# is she good quality?



## mashp (Feb 24, 2015)

I found her in aquabid, I want to know if she is high so I bid for her


----------



## Nimble (Aug 31, 2014)

She's a Veiltail, so there's no official Show Standards for Veiltail Bettas at this time in the United States, although there is an unofficial Trial class for Veiltails.

If you plan on breeding her to create a high-quality VT line, she is EXTREMELY good for that. Her light, neutral color is essentially a canvas upon which anything can be painted. She's one of the best quality VT females I've seen on Aquabid. Makes sure you pick an equally stunning male to breed her to.


----------



## mashp (Feb 24, 2015)

ok thanks, i have a orange dalmatian and had been looking every where for a orange girl but I could not find it until now.


----------



## hrutan (Jun 25, 2014)

That's a nice looking girl. I have a similar female from the same seller - probably a sister. I was considering bidding on this one, as well, if that tells you anything.

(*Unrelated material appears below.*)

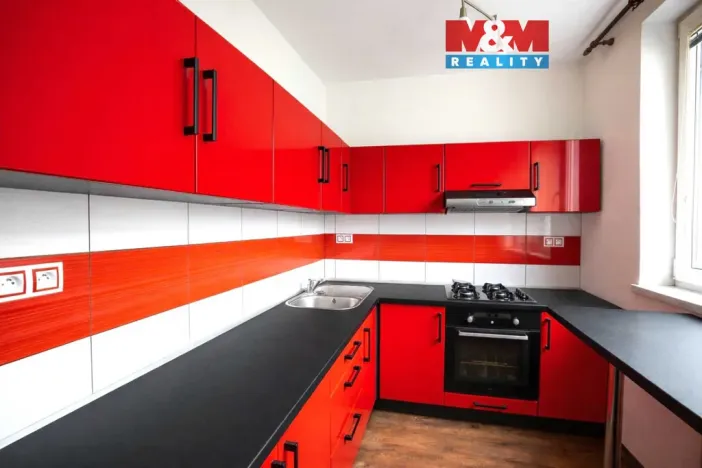 Prodej bytu 1+1, Orlová - Lutyně, Masarykova třída, 42 m2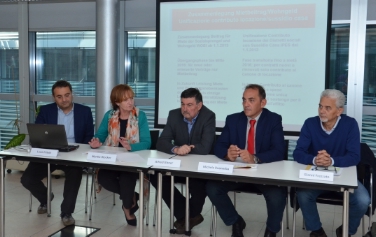 Luca Critelli, Martha Stocker, Alfred Ebner, Michele Buonerba und Gianni Frezzato (v.l.n.r.) stellten die Anpassungen zum Mietbeitrag vor.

There _are_ standards for VT. I spoke to Gerald Griffin about it, and if I understand correctly ... which I may not ... it is the _class _that is on trial in Area 2, not the standards. The standards are what they are. This is a very nice female to use to start working towards them.

Flaws: I see some combtailing. You'll want to select against that in the next generation. She has some black on her body - ditto - light colored fish (orange, yellow) must have no dark layer, and they must have no black specks or edging. I'd like to see her dorsal a bit more erect, but that may be how she is posed.

I bought this one from the same seller:
http://www.aquabid.com/cgi-bin/auction/closed.cgi?view_closed_item&fwbettasvt1427379963

You can almost make a little fish cut-out from the picture in the standards, and place it over these two girls.


----------



## mashp (Feb 24, 2015)

ok thanks hope fully ill e her


----------



## mashp (Feb 24, 2015)

unfortunately, somebody bid higher so they got it. anyway I found her and I wanted to ask if she is a good quality hmpk girl, is her color correct and what are her flaws. thank you again


----------



## Nimble (Aug 31, 2014)

Looks pretty good to me. A nice, pretty steel blue girl. I don't see any major flaws with her form. Her dorsal isn't perfect, but it seldom is with females.


----------



## hrutan (Jun 25, 2014)

There's another VT female very similar to the one you first posted, up for sale right now. Same seller.


----------



## mashp (Feb 24, 2015)

oh man:-(
I only had permission to buy 1, and I bid on the green hmpk and I kind of won , I guess an other time, thanks anyway.


----------